More pertinent to the phenomena that Enfance so vividly represents are the studies, from Melanie Klein on up through those of Jessica Benjamin, Nancy Chodorow, Hélène Cixous, Luce Irigaray, and Julia Kristeva, that explore the lasting importance of the child's—especially the little girl's—pre-oedipal relations with the mother.3 For Freud, girls and their mothers were generally shadowy presences in the wings; for these analysts and critics, they move toward center stage. Although all infants, they argue, first identify with the mother, little boys come to switch allegiance, learning to define themselves as not-female, not-mother. Little girls, on the other hand, continue to build their sense of self on the foundation of their primary, pre-linguistic identification with the mother. This is both a boon and a bane: while girls, and the women they grow up to become, generally enjoy a strong feeling of connection to others, they may also feel themselves caught in the coils of that primary identification, yearning for fusion with the mother at the same time as they struggle for a sense of separateness from that engulfing archaic figure. These analyses of relational identity will shed considerable light on the forces underlying words for Nathalie Sarraute, the child as well as the adult.

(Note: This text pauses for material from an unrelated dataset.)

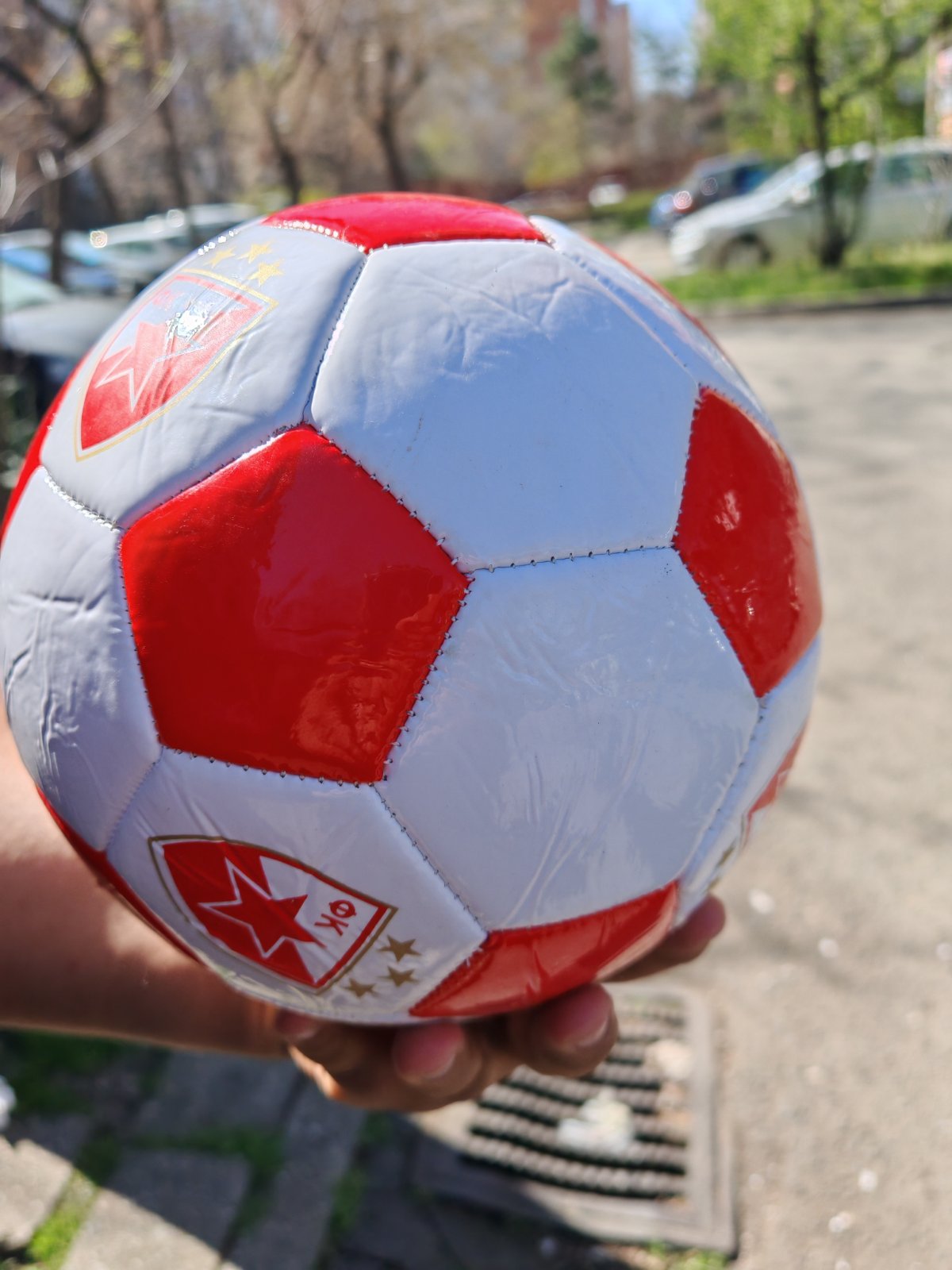 Fudbalska lopta Crvena zvezda i Partizan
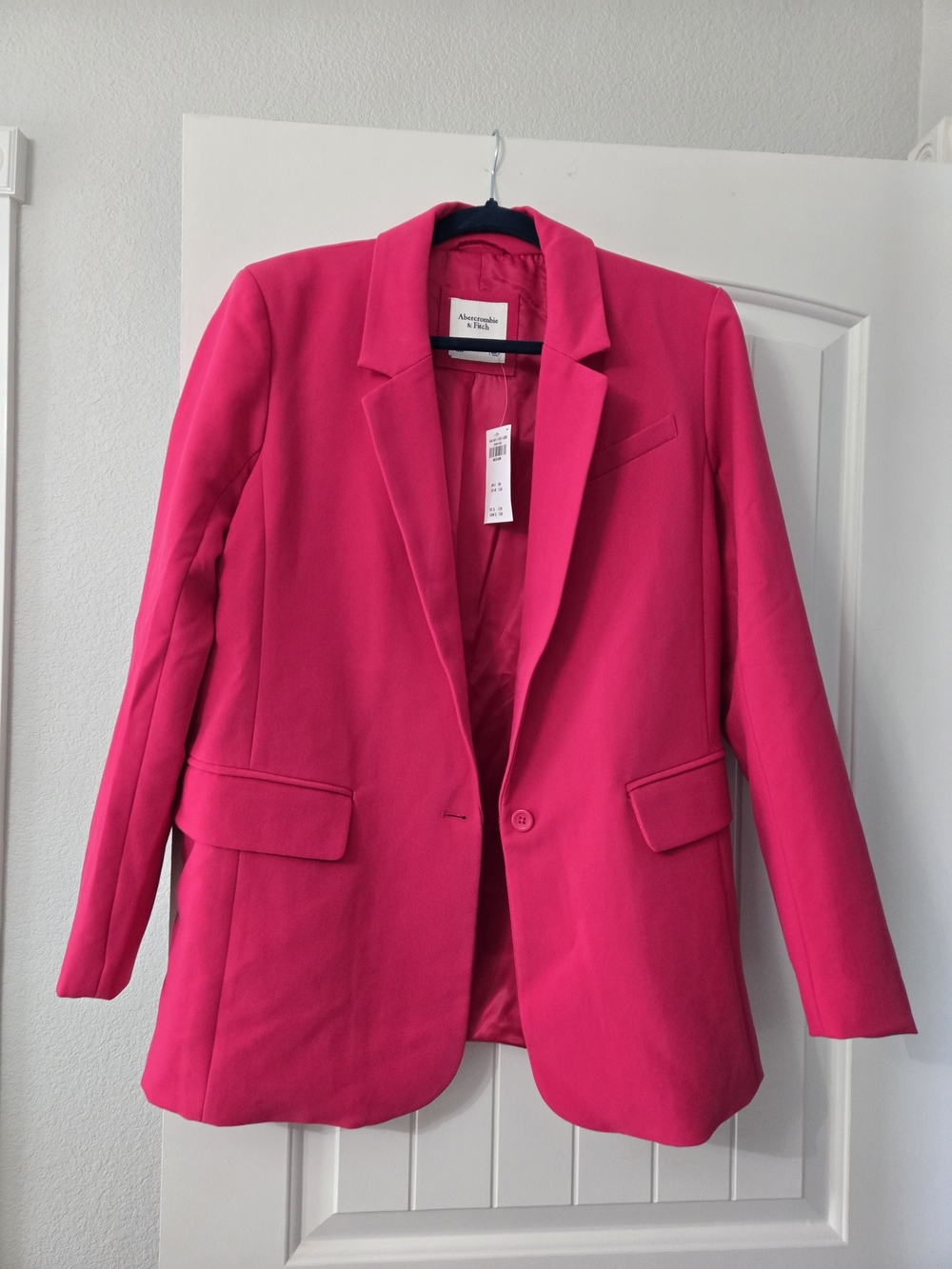 Abercrombie & Fitch Women's Pink Single-Button Blazer Sz M NWT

Sarraute's earliest memories of her father are attached to the house in Ivanovo where she was born, from which she was removed at age two at the time of her parents' separation and subsequent divorce. Until his anti-tzarist involvements forced him into exile in France, her father remained there for several more years, with Natasha returning for brief visits from her new life in Paris and Geneva with her mother and step-father Kolia. No memories of her mother nor of any other being can be evoked from this place. This house looms in her mind as the exclusive domain of her father (43).

Words play an important, but carefully circumscribed role in the early relationship between the little girl and her father. Gripping his leg, she learns her numbers and the endless round of the days of the week. They give each other lessons in French and Russian pronunciation. While shadowy others try to coerce her into swallowing jam secretly laden with a disgusting dose of calomel, he tells the truth and patiently explains the reason for the unpleasant medicine. Yet the most meaningful part of the communication between the generally reticent father and his daughter tends to bypass language. The sparse, ordinary words they exchange count mainly as tokens of the deep bond that occasionally manifests itself outside of words: “sa main glisse sur ma tête, je sens irradiant de lui quelque chose en lui qu'il tient enfermé, qu'il retient, il n'aime pas le montrer, mais c'est là, je le sens” (44; emphasis added). Indeed, throughout Enfance, with her father and a few others in privileged moments, Natasha will undergo this wordless experience of irradiation, with gentle waves of energy infusing the distance between bodies, dissolving their boundaries and drawing them into a common field of vibration. This will provide the child with her most lively, even ecstatic sense of being loved and accepted, at one with the world (cf. 66-67).

In her interaction with her father Natasha was utterly nonplussed by the disjunction between his gruff “outside” and his softer, hidden “inside.” Furthermore, despite the obvious dependence of the little girl on her father, she recognized him as an independent being, whose interests naturally diverged from her own. After listening to her father's lullabies, the anxious little girl would woozily signal that she was not yet fast asleep: “mais je ne parle pas, cela pourrait me réveiller complètement et je veux dormir, je veux qu'il puisse partir, cela m'ennuie de le retenir …” At this point the skeptical tu suggests that the child's real motivation was to prevent his departure, “qui avait déjà pour toi le goût de la trahison sournoise, de l'abandon.” While je admits that this interpretation is quite plausible, she ultimately rejects it. Rather than any perception of perfidious intent on the father's part, there was recognition of a mutual pact: “je veux juste t'indiquer, puisque c'était convenu, qu'un pacte entre nous a été conclu, je sais que tu veux le respecter, et moi aussi” (53-54).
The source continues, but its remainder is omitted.